Critères:  f fh forêt cérébral cunnilingu pénétratio init fantastiqu -fantastiq
Auteur : Maegwïn  (La rêverie est plus douce que le réel)            Envoi mini-message
Songe Sylvestre

La forêt était si luxuriante qu’elle ressemblait à une jungle, et le soleil pourtant resplendissant parvenait à peine à percer le feuillage. Les arbres alentour bruissaient de mille cris, ceux de petits insectes ou pépiements d’oiseaux. La forêt était calme, nulle perturbation n’en troublait l’harmonie.


La forêt ? Harmonie perpétuelle, sensuelle, infinie, cette forêt qui s’étale, est létale à l’ennui. Tout au loin de sa vue, se déploie, déraisonne. Car elle crie et gémit, contenant en son sein toute sorte de vie ! Et l’ombre se déploie, se déplie, l’envahit. Sous cette alcôve de chaleur, sous ce manteau de bonheur, sous cette étuve de candeur, derrière ce manteau de lueurs, se déploie, se déplie, le désir d’être enfin envahie.


La jeune fille marchait seule, ayant quitté ses sandales pour apprécier de ses pieds nus le doux humus du sous-bois. Elle était vêtue d’une robe longue, d’une couleur vert émeraude assortie à ses yeux. Ses cheveux blonds légèrement ondulés descendaient en cascade jusqu’à ses hanches, lui donnant un faux air de princesse de conte de fée.

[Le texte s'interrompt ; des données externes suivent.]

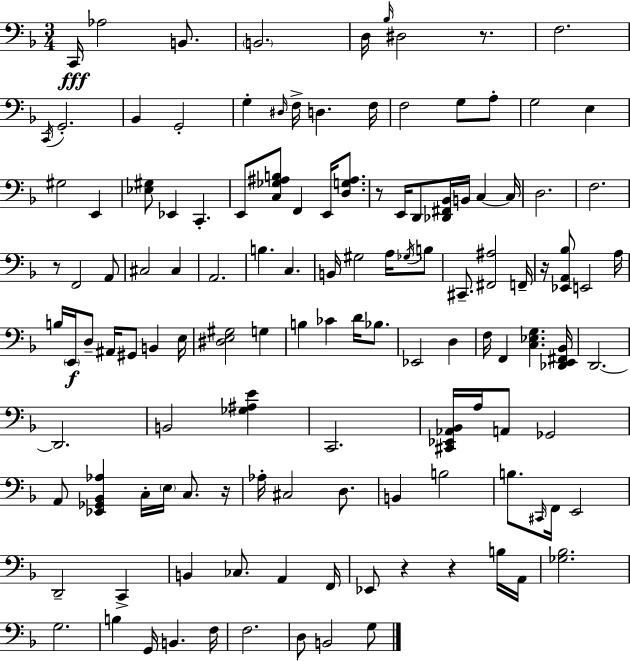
{
  \clef bass
  \numericTimeSignature
  \time 3/4
  \key f \major
  \repeat volta 2 { c,16\fff aes2 b,8. | \parenthesize b,2. | d16 \grace { bes16 } dis2 r8. | f2. | \break \acciaccatura { c,16 } g,2.-. | bes,4 g,2-. | g4-. \grace { dis16 } f16-> d4. | f16 f2 g8 | \break a8-. g2 e4 | gis2 e,4 | <ees gis>8 ees,4 c,4.-. | e,8 <c ges ais b>8 f,4 e,16 | \break <d g ais>8. r8 e,16 d,8 <des, fis, bes,>16 b,16 c4~~ | c16 d2. | f2. | r8 f,2 | \break a,8 cis2 cis4 | a,2. | b4. c4. | b,16 gis2 | \break a16 \acciaccatura { ges16 } b8 cis,8.-- <fis, ais>2 | f,16-- r16 <ees, a, bes>8 e,2 | a16 b16 \parenthesize e,16\f d8-- ais,16 gis,8 b,4 | e16 <dis e gis>2 | \break g4 b4 ces'4 | d'16 bes8. ees,2 | d4 f16 f,4 <c ees g>4. | <des, e, fis, bes,>16 d,2.~~ | \break d,2. | b,2 | <ges ais e'>4 c,2. | <cis, ees, aes, bes,>16 a16 a,8 ges,2 | \break a,8 <ees, ges, bes, aes>4 c16-. \parenthesize e16 | c8. r16 aes16-. cis2 | d8. b,4 b2 | b8. \grace { cis,16 } f,16 e,2 | \break d,2-- | c,4-> b,4 ces8. | a,4 f,16 ees,8 r4 r4 | b16 a,16 <ges bes>2. | \break g2. | b4 g,16 b,4. | f16 f2. | d8 b,2 | \break g8 } \bar "|."
} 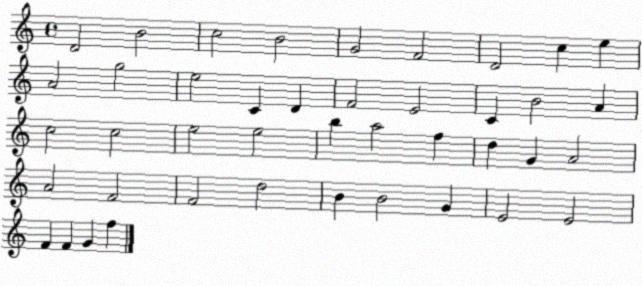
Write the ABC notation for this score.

X:1
T:Untitled
M:4/4
L:1/4
K:C
D2 B2 c2 B2 G2 F2 D2 c e A2 g2 e2 C D F2 E2 C B2 A c2 c2 e2 e2 b a2 f d G A2 A2 F2 F2 d2 B B2 G E2 E2 F F G f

Une fée ? N’en doutons pas, cette fée, ce symbole, c’est Vénus en personne ! Comment comparer cette aisance insensée qui soudain lui permet de marcher sans lutter ? En effet, le pied gauche, tout imbibé de glaise, se réveille et s’envole, quant tout à coup, planant un peu, il retombe dans la boue. Et alors, l’âme agit ! C’est le miracle d’un grand pas en tout point épilé, je l’affirme, c’est celui d’une fée !


Peut-être en était-ce une, abandonnée à la quiétude de la sylve. Son regard vagabondait sur le chemin et ses abords ou bien souvent se fixait sur le sol, ainsi qu’elle se trouvait perdue dans ses pensées. Ses rêves l’emportaient vers les doux rivages des songes amoureux. Elle savait qu’elle se donnerait un jour à quelqu’un, celui ou celle qui saurait apprécier ce présent de sa virginité, cette personne inconnue qui ferait battre son cœur plus fort que tous les autres, aussi fort que l’appelaient ses rêves. Mais ce jour n’était pas encore venu. Du moins le croyait-elle.


¿ La virgen ? ¡ Una puta guarra al culo caliente !


Lui-même arpentait longuement la forêt, ses pensées le portant vers cette femme irréelle qu’il appelait de ses vœux, à leur amour partagé, celle qui deviendrait la dernière et la seule. Puis il l’avait réellement aperçue, jeune fille pieds nus qui croyait marcher seule, et il l’avait suivie. Son but demeurait encore indistinct, simplement son âme réclamait de se rapprocher d’elle.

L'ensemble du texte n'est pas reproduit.